Thursday, June 18, 2009

Peering into My Future through My Elder Jesuit Brothers

Over the past two weeks, I have been spending a bit of time with the Jesuits in our infirmary here in Spokane, WA. Most have more than triple my own life experience. All of them, having ministered to others for so much of their Jesuit life, now rely on the help of others to fulfill their own basic needs.

One day, if I make it to that point, I too will need others' hands to be my own, to do the things I will not be able to do myself.

It is a humbling experience to be in the presence of these men. As people who greatly value our own independence, our encounter with those who have lost these facilities gives us pause to reflect on our own life, our own humanity, our own mortality.

They, too, were young once.

A few days ago, I accompanied one of the Jesuits to his eye appointment. The doctor had put yellow dye in his eye for whatever reason--I'm not a doctor, hell if I know why. When he came out, I thought it was one of the coolest things I had seen. It was like he had some inherent mutant powers that were just beginning to manifest in his old age. Storm's eyes become cloudy just before lightning strikes--I teased what supernatural occurrence might come our way. Well, later that day, I went out for a walk with him and asked him about the appointment. By that time, however, he had forgotten that he had gone to the eye doctor and asked me multiple times what day it was. He could tell me stories about events 30-40 years ago with amazing clarity, but the recent past becomes all but forgotten. He was a military chaplain who, in his career, received (if I can remember correctly) four purple hearts. I brought him around GU campus--to reflect at the statue of Ignatius at Cardoner, to contemplate the influence of Fr. DeSmet as one of the first people to venture out to the Northwest, to marvel at the simple beauties of nature on campus, finding God in the midst of it all. As we neared the end of our walk, I told him: "well, you can't help now but cherish the present moment. I'll remember it for the both of us--at least to the best of my ability!" It's a young memory, so it'll probably keep better.
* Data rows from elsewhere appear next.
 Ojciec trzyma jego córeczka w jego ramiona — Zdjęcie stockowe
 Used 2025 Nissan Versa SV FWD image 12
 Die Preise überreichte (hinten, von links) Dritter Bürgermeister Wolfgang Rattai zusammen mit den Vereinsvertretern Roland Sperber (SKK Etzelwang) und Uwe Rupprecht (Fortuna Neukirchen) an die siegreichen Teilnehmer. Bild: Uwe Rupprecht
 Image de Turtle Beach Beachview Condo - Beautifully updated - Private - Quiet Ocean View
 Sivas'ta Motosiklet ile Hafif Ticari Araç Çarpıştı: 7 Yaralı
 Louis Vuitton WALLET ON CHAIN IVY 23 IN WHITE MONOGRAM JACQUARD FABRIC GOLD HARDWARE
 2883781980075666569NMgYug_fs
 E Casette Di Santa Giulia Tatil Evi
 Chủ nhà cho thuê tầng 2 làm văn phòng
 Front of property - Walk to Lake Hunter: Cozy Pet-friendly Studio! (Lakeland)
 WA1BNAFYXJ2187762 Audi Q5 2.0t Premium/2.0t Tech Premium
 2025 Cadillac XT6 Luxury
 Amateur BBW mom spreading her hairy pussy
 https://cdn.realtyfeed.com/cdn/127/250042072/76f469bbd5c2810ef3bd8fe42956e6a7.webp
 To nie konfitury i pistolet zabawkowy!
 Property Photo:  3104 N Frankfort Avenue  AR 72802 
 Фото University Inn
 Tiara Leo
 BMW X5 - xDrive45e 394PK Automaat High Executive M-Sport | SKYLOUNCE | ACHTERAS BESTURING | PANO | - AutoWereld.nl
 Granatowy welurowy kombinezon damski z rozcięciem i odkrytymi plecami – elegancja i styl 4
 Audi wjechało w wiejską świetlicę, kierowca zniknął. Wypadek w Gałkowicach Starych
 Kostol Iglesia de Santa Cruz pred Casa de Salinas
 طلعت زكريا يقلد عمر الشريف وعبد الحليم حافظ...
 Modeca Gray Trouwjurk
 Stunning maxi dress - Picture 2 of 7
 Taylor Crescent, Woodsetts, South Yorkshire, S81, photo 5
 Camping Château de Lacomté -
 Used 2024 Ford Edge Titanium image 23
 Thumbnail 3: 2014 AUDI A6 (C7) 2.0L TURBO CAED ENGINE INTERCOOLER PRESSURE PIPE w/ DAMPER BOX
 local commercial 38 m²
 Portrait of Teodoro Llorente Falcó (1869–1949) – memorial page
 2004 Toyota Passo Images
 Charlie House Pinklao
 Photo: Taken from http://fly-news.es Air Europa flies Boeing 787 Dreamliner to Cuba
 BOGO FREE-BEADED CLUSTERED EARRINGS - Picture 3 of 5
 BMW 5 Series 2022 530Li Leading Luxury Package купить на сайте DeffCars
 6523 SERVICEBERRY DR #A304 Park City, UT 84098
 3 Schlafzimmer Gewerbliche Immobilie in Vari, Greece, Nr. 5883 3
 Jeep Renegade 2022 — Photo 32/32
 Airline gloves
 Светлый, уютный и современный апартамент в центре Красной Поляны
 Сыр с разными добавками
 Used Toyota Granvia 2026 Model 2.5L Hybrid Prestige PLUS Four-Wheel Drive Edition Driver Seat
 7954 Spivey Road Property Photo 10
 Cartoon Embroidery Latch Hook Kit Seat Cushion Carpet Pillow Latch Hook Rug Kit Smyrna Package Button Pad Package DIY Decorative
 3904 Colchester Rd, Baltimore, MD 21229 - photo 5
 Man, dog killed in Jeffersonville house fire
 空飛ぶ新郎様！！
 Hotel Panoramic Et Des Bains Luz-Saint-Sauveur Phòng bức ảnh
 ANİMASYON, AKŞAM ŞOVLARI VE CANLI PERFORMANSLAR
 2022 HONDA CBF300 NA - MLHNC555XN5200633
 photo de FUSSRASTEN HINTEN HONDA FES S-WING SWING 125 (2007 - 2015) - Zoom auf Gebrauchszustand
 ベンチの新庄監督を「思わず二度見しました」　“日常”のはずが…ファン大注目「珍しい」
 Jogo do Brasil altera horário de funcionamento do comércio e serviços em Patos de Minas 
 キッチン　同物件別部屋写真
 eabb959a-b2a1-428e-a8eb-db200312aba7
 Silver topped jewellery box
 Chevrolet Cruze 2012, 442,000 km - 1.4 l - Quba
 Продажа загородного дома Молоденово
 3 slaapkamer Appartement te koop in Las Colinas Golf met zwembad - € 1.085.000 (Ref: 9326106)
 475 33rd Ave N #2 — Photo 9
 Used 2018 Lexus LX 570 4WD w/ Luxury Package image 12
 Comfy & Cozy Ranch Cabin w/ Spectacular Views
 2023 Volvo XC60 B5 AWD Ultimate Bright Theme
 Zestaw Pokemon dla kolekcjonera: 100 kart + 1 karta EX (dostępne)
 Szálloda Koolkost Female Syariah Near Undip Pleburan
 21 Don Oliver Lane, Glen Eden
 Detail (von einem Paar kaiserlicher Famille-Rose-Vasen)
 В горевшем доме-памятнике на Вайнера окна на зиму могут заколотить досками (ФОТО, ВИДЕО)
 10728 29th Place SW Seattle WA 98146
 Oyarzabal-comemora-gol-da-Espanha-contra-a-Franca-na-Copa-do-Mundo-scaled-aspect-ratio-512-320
All of these men have served in tremendous ways, and I don't think I will ever truly know what their life was like before my first encounter with them--who they have touched, what they have built in their lifetime. Yet, towards the end of their life, the elderly among us all too often become the forgotten. As the young go out to build memories, I think the old yearn to share their own--for those who will listen. But, I think they also enjoy hearing our stories as well--I think sometimes it makes them feel young again to see the life and energy of budding youth.

I've imagined myself if/when I reach old age--it's difficult not to when you become involved in the infirmary. What will sustain me? Where will I find life? I imagine that it is at this time, more than ever, that we find ourselves turning to our faith, relying in God. I can't help but think about Pedro Arrupe and his famous words after experiencing a debilitating stroke--words that continue to be incredibly moving and powerful for me. I will let his words end my post today:

More than ever I find myself in the hands of God.
This is what I have wanted all my life from my youth.

But now there is a difference;
the initiative is entirely with God.

It is indeed a profound spiritual experience
to know and feel myself so totally in God's hands.